**EXERCISE DESCRIPTION:** Using the listing below, set down exactly the lines starting at the line that contains "These types of" and ending at the line that contains "In the last", both included, and no others.

● ● ●

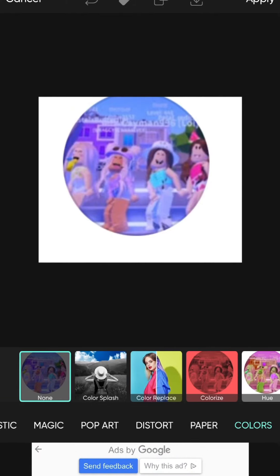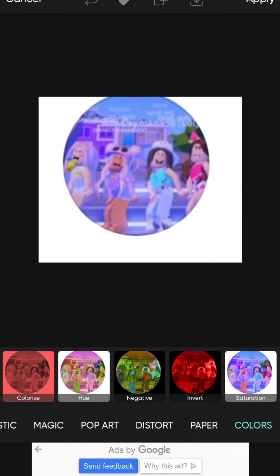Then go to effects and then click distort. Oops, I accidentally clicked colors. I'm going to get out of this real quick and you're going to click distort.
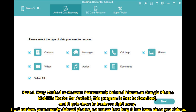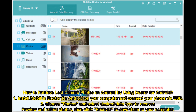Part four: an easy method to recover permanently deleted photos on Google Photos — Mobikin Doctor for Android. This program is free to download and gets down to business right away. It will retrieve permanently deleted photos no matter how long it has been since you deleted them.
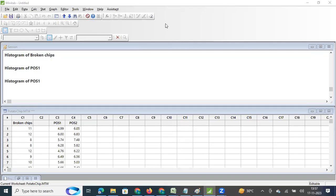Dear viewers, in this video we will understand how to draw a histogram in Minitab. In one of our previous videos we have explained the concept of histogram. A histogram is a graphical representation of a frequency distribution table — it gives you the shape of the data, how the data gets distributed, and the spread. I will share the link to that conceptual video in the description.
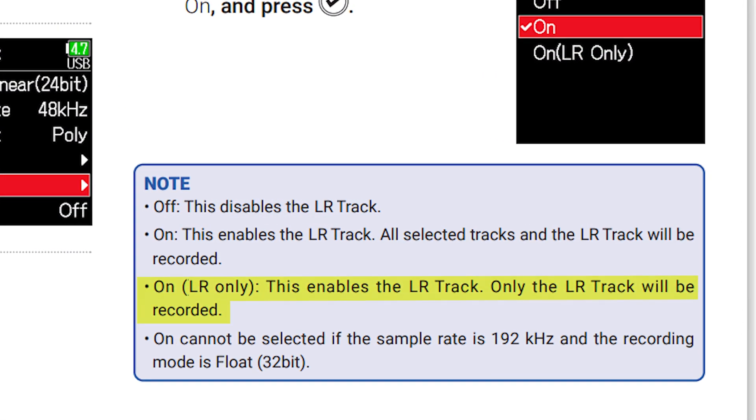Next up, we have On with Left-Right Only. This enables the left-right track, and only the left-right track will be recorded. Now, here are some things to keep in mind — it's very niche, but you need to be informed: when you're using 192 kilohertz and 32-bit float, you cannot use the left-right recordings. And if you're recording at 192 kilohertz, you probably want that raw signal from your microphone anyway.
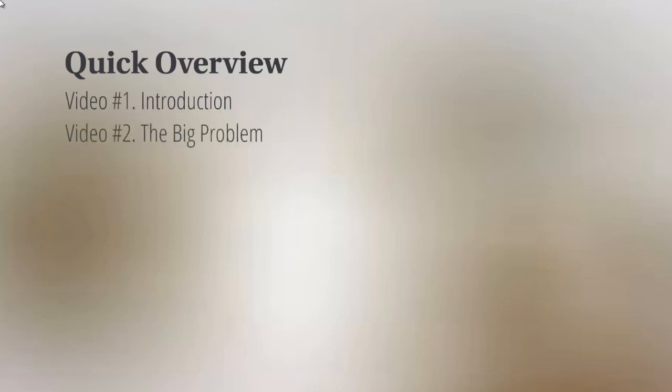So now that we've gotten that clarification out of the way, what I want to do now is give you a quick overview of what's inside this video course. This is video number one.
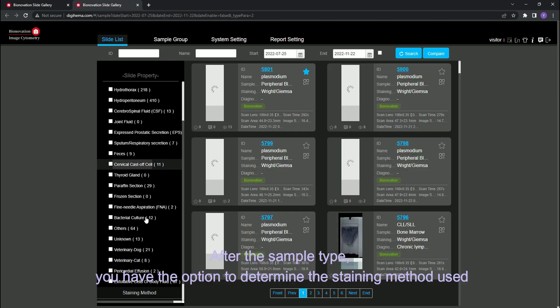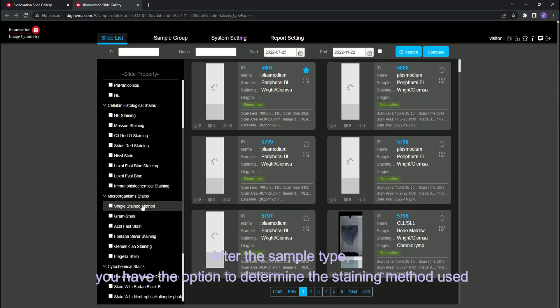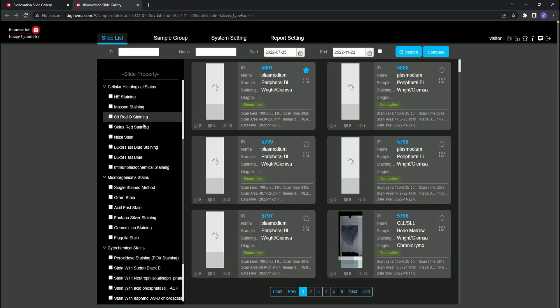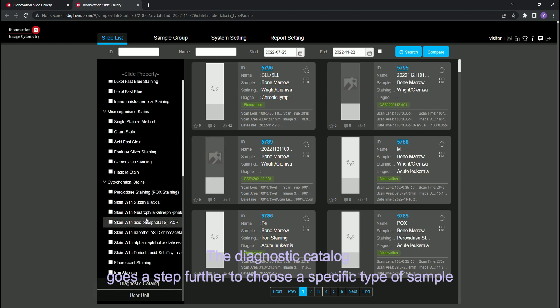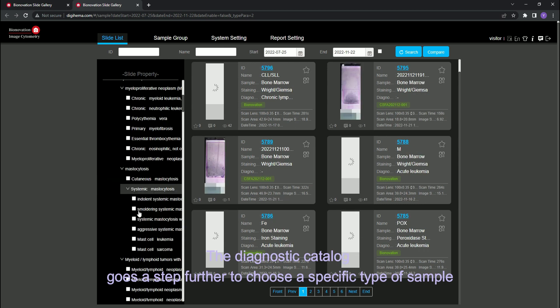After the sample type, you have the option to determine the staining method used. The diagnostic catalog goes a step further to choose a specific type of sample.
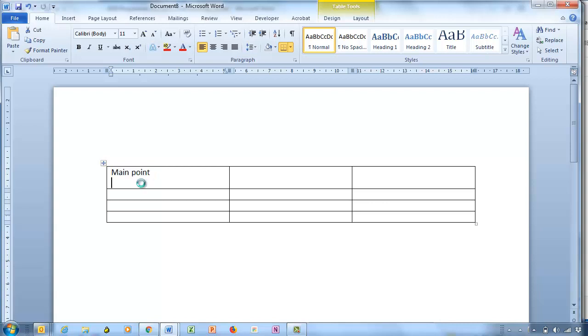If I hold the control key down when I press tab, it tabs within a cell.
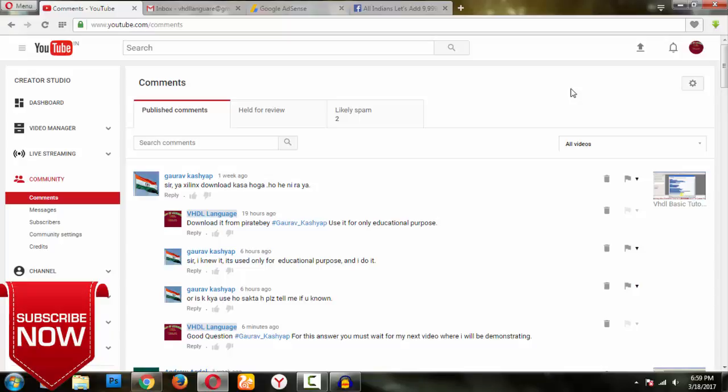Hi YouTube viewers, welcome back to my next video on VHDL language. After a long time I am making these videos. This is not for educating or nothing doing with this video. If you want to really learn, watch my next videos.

● ● ●

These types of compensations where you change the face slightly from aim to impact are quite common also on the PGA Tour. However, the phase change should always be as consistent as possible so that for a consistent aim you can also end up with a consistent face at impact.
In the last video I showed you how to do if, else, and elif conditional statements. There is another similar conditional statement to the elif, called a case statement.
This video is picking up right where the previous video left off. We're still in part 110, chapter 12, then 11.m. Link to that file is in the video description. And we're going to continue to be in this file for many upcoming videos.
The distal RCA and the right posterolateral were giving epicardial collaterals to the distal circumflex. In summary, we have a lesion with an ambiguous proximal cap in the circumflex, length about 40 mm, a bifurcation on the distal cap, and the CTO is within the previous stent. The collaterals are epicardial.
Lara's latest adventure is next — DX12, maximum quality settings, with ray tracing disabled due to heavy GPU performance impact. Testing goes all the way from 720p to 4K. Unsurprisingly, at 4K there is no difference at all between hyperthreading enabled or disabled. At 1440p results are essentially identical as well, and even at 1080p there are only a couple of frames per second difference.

● ● ●

**ANSWER TO THIS TASK:**
These types of compensations where you change the face slightly from aim to impact are quite common also on the PGA Tour. However, the phase change should always be as consistent as possible so that for a consistent aim you can also end up with a consistent face at impact.
In the last video I showed you how to do if, else, and elif conditional statements. There is another similar conditional statement to the elif, called a case statement.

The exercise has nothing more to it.